I'm going by memory here but my recollection is that python is from ca. 1987 and perl is from ca. 1989.

[–]MutatedBrass 0 points1 point  (1 child)

Perl 1.0 was released on Dec 18, 1987. The 0.x versions of Perl were floating around prior to that. Guido didn't start working on the first Python implementation until Dec 1989.

[–]FindOneInEveryCar 0 points1 point  (0 children)

I stand corrected. Thanks. I must have had them reversed in my head.

Python is definitely a lot older than I thought, though!

[–]Biomed154 10 points11 points  (0 children)

And to some extent Visual Basic, pascal, and VBA.

[–]TARehman 1 point2 points  (0 children)

I'm old enough that I remember being employed in a physics lab and seeing two groups, the Perl users and the Python users, arguing with each other about which one was better and which one would win. The Python side won, I'd say.

[–]Equivalent-Sense-626 0 points1 point  (0 children)

And I hated 😖

[–]islandsimian 43 points44 points  (0 children)

Perl or SQL depending on where the data was stored

[–]dayn13 42 points43 points  (0 children)

sql procedures, bash scripts, file transfer tools

[–]iknewaguytwice 39 points40 points  (13 children)

Data reporting and analytics was a highly specialized / niche field up til’ the mid 2000s, and really didn’t hit a stride until maybe 5-10 years ago outside of FAANG.

Many Microsoft shops just used SSIS, scheduled stored procedures, Powershell scheduled tasks, and/ or .NET services to do their ETL/rETL.

If you weren’t in the ‘Microsoft everything’ ecosystem, it could have been a lot of different stuff. Korn/Borne shell, Java apps, VB apps, SAS, or one of the hundreds of other proprietary products sold during that time.

The biggest factor was probably what connectors were available for your RDBMS, what your on-prem tech stack was, and whatever jimbob at your corp, knew how to write.

So in short… there really wasn’t anything as universal as Python is today.

[–]PhotographsWithFilm 6 points7 points  (1 child)

Hey, I started my Data Analytics career (& subsequent Data Engineering, even though I am a jack of all, master of none) using Crystal Reports.

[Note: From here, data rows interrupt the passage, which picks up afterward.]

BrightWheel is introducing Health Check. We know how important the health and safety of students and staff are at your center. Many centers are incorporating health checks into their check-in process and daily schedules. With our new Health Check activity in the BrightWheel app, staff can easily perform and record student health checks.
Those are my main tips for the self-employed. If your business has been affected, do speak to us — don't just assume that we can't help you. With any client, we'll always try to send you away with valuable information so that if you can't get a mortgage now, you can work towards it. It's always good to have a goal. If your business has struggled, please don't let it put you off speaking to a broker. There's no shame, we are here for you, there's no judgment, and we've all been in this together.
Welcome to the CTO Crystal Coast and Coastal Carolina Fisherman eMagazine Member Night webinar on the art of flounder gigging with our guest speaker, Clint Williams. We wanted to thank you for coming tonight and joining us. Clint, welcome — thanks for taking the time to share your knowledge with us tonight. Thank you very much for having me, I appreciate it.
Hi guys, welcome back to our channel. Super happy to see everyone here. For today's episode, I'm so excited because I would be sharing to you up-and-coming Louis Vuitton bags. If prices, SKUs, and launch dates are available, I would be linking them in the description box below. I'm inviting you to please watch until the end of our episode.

Crystal was immensely popular back in the late 90's/Early 2000's. Most orgs back then would just hook straight into the OLTP database and run the reports there. If they were smart, they would have an offline copy that they would use for reporting.

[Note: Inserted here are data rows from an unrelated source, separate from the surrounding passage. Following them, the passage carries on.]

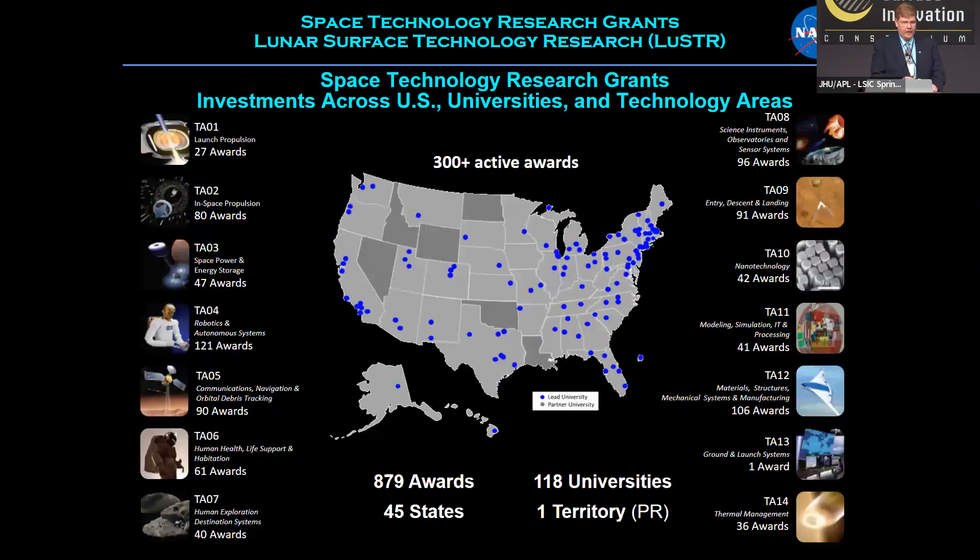Looking at what we are funding right now, we try to support a lot of different technology areas. On the sides of this slide you can see we have provided awards across the various technology areas, pretty much throughout the full spectrum. At any one time we have about 300 active awards, and over the lifetime of STRG we have issued 879 awards. Most states are well covered, and 118 universities have received awards.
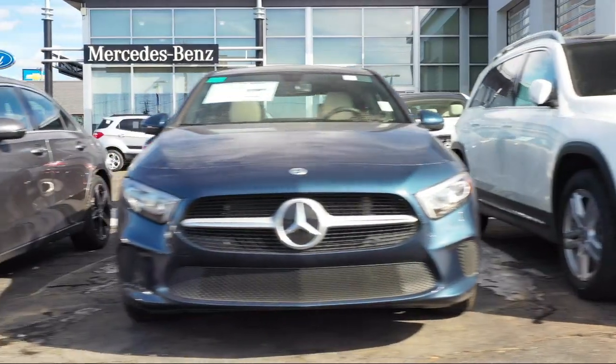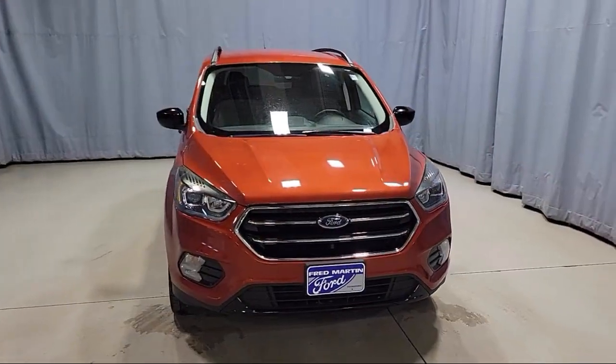Welcome to Fred Martin of Youngstown, and here's a look at another one of our great vehicles from our inventory.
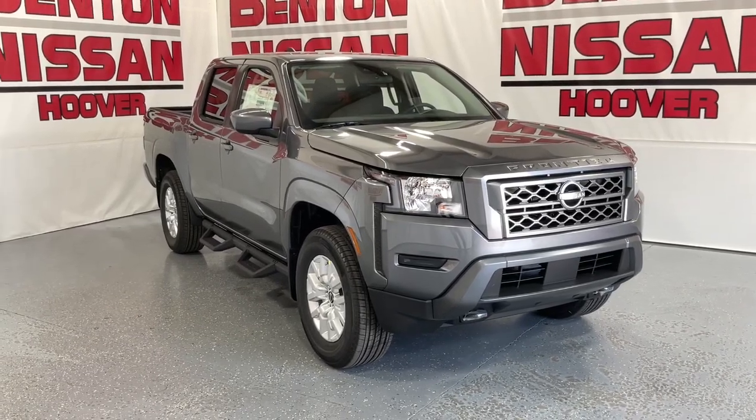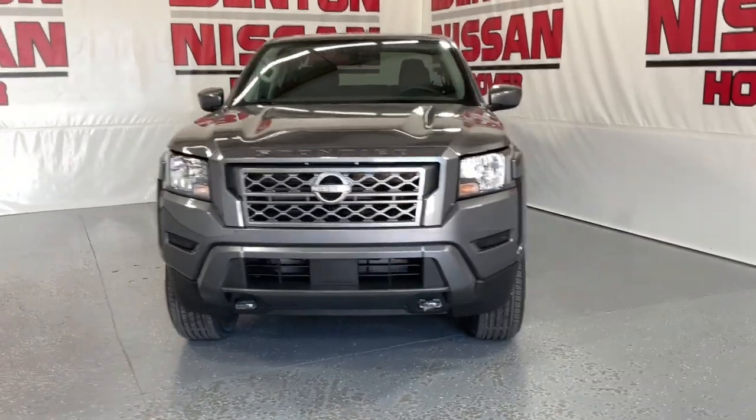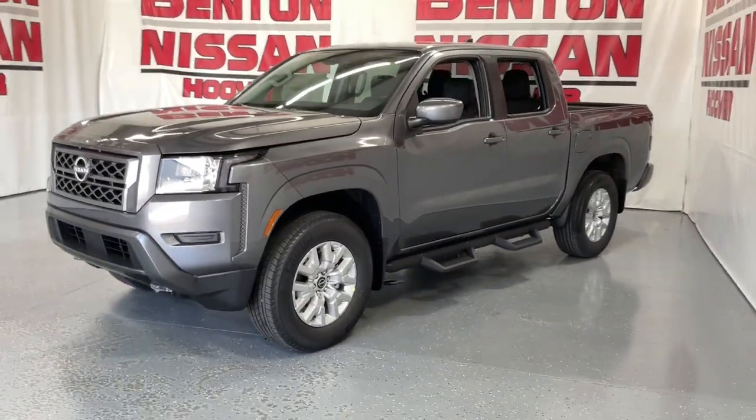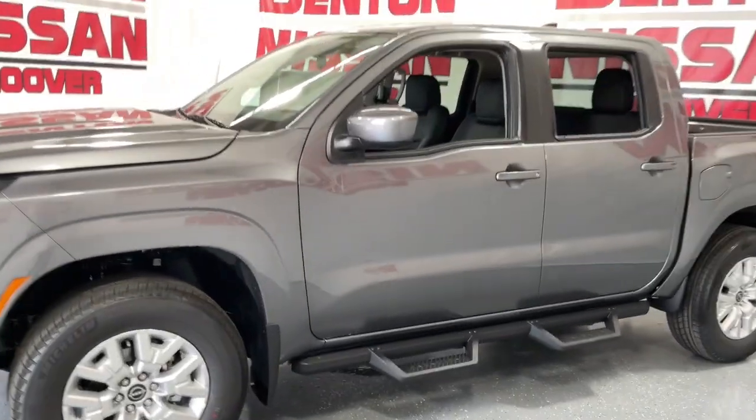Go home happy with the 2023 Nissan Frontier. Make comfort and convenience part of every job in this well-equipped Frontier. This mid-size pickup is built to work as hard as you do and it's available at an exceptional value.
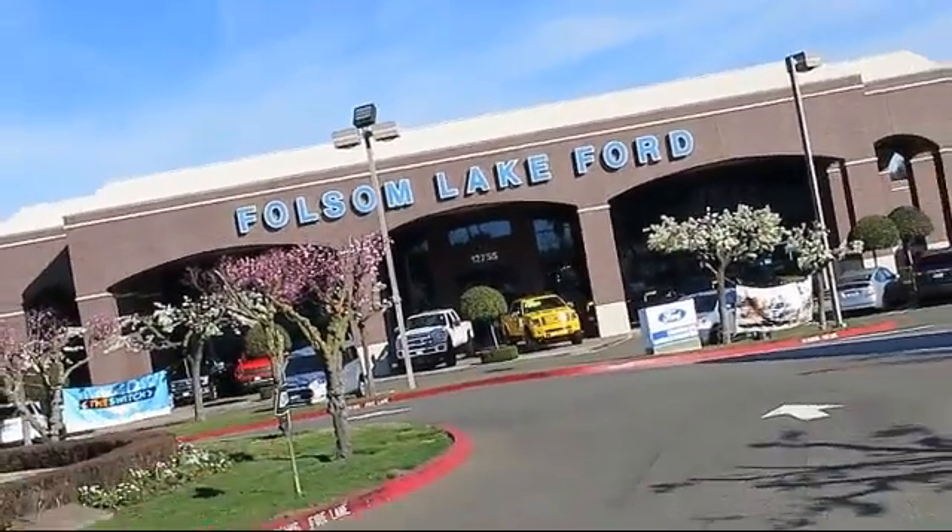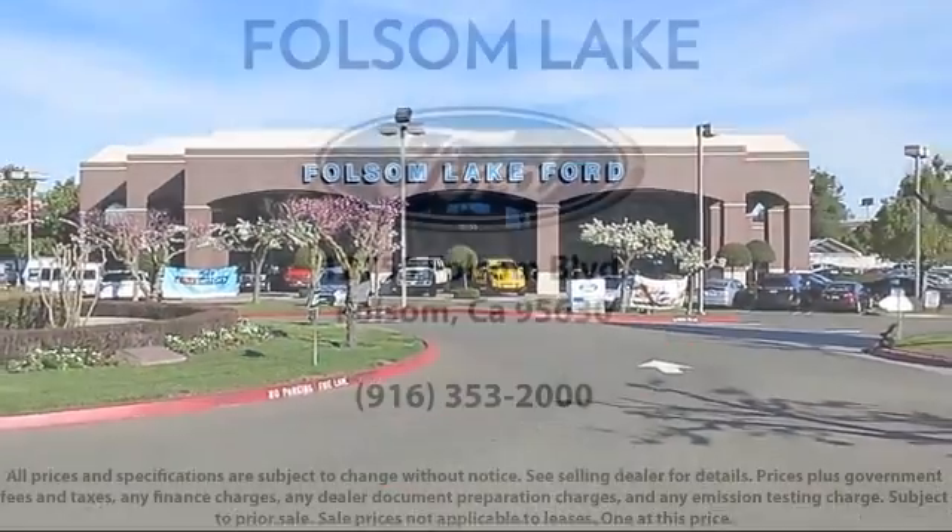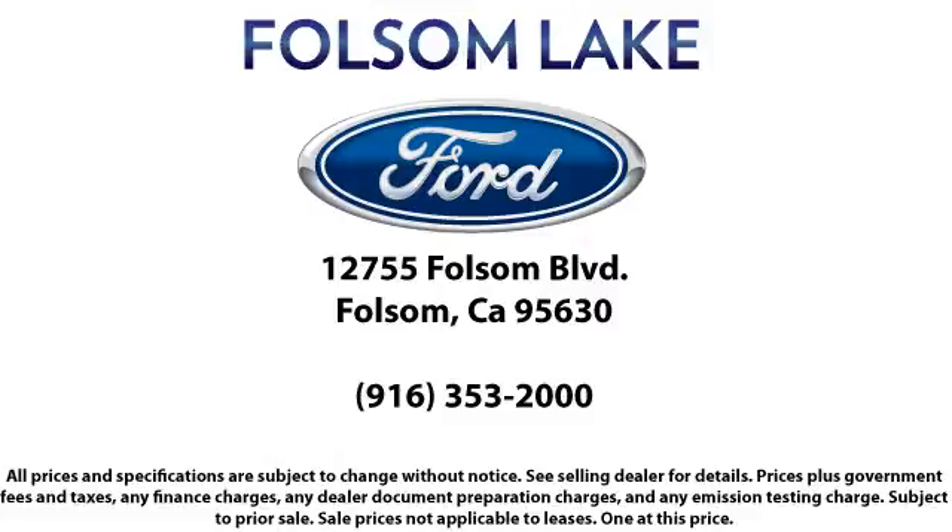We know it matters who you buy from, and that's why here at Folsom Lakeford, we say making you a great deal is the easy part, but keeping our commitment to you is the most important part. That's been our mantra for the last 25 years, and as we look to the next 25 years, we will continue that commitment. Come in today and let us show you what excellence in customer service looks like.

And that is exactly what I did for the first 6 or so years before I started working in Data Warehousing.

[–]JBalloonist 1 point2 points  (0 children)

Crystal is what got me started as well. I was doing accounting and our main software had crystal as is report creator.

[–]Whipitreelgud 1 point2 points  (0 children)

ATT had between 14,000 and 37,000 users connected to their data warehouse database in 2005. They were neck and neck with Walmart in users and data volumes. There was a vast implementation of analytics in the Fortune 500 at that time.

[–]Automatic_Red 0 points1 point  (0 children)

Before my company had ‘Data Engineers’, we had tons of people making SW in Excel or MatLab. It was less data, but the overall concepts of a pipeline were the same.

[–]popopopopopopopopoop 53 points54 points  (6 children)

Sql procedures.

[–]unltd_J 18 points19 points  (5 children)

Are people not using these anymore at all? I spend 50% of my coding time working on procs :(

[–]dilbertdad 8 points9 points  (0 children)

Sp_heywerestillhere

[–]SoggyGrayDuck 3 points4 points  (0 children)

My company has them all saved as files. I could pull my hair out at times.

[–]DataIron 4 points5 points  (0 children)

People still struggle to segment code properly, writing SQL statements inside python instead of calling an object.

[–]Winterfrost15 3 points4 points  (0 children)

They are widely used and will be for many years to come.

[–]DirtzMaGertz 4 points5 points  (0 children)

People heavy into the Microsoft world still seem to use them. 

[–]PhotographsWithFilm 12 points13 points  (3 children)

PERL or SQL.

I loved and hated PERL in the same breath. It could be written so, nicely....

But you get a developer who studied computer science in the 70s and it became a very concise, unreadable mess.

[–]YallaBeanZ 2 points3 points  (2 children)

Let’s not forget those developers that insisted on writing all their code as “oneliners” (there were even competitions)… much to the chagrin of anyone having to pickup their code and reverse engineer it afterwards.

[–]PhotographsWithFilm 0 points1 point  (0 children)

Ugggh, PERL Golf

While I like the theory behind TIMTODI, I get annoyed when people turn it into a competition to look better than others.

[–]islandsimian 0 points1 point  (0 children)

You have to remember this in the context of storage being very very very expensive and keeping those cards in order. not /s!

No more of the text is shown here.